The car ride is still fantastic, and I even noticed a few things I didn't the first time, like the family packing their car as you leave Joel's street. Though I wish they'd added more small touches to spot on subsequent playthroughs, like maybe a guy running across the field in the distance chased by Runners on the other side of the road from Lewis' farm, where 95% of players won't be looking first time, or someone boarding up their doors and windows on one of the houses in the distance.
The "carrying Sarah" part, though, isn't as cool on subsequent playthroughs, when you realize how linear and "railroaded" you are. It felt organic to run where you are guided the first time; subsequent playthroughs, I discovered how you got insta-killed from trying to go another way meant replay was alwasy going to be following the same set path every time (but then that's a bit of a problem with the whoel game overall).
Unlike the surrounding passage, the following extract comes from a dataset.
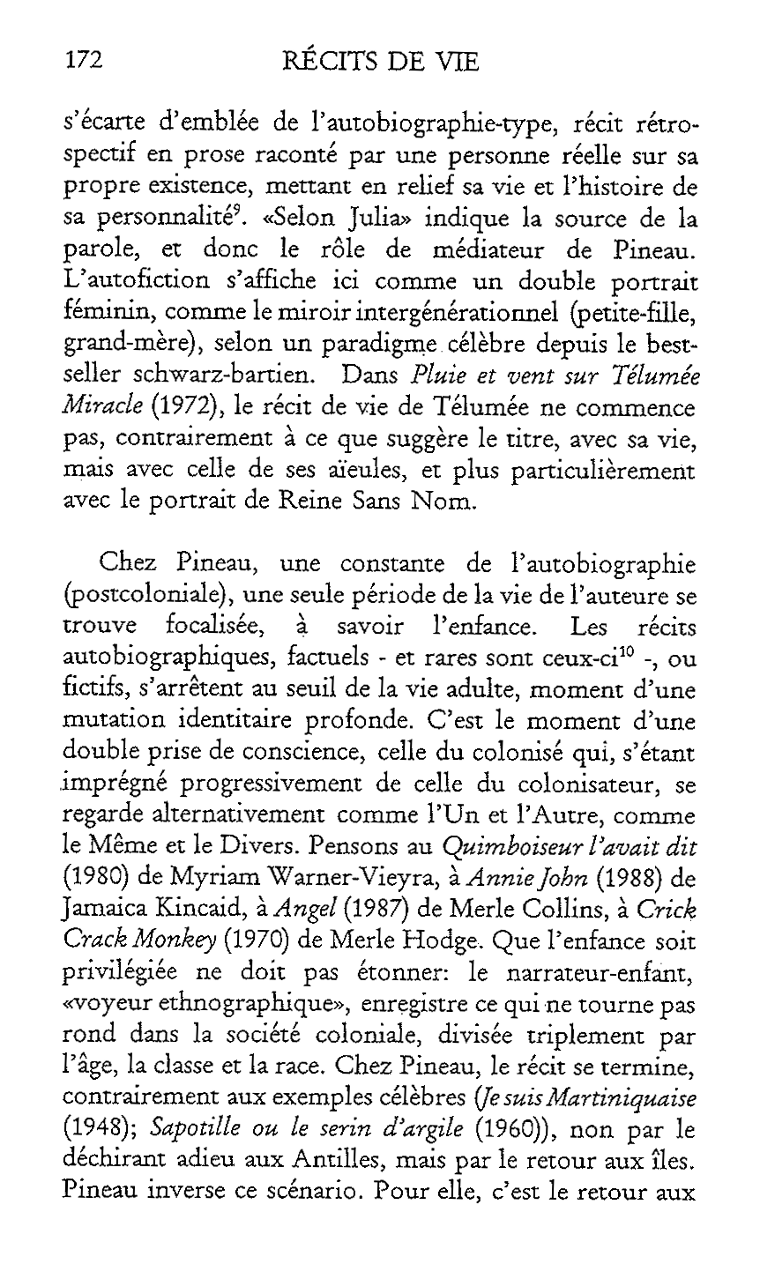 L'Exil selon Pineau, récit de vie et autobiographie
Also on replaying, I found myself wanting the prologue to go longer and feature some 'normal' gameplay elements, such as letting you melee or even shoot Runners during the escape. I expect this wasn't done so as not to reduce the intense prologue by adding tutorial elements, and that makes sense, so I can't complain too much... but it's something I felt on replaying.
As to the sadness of the final prologue moments? Have to say, I saw that death coming from the first cutscene of the chapter (that birthday card = "soooo dead!") and knew what was going to happen the moment the soldier appeared. Didn't make it less of a great performance by the actors, though I prefered some of the takes we see in the Making Of, on reflection, actually.
Saddest part for me was actually playing the start of Spring (characters giving an amazing sense of the game ending and me not wanting it to), with some of the sewer town rooms/notes and the cutscenes that end Summer (especially Ellie's chat with Sam) as runners up.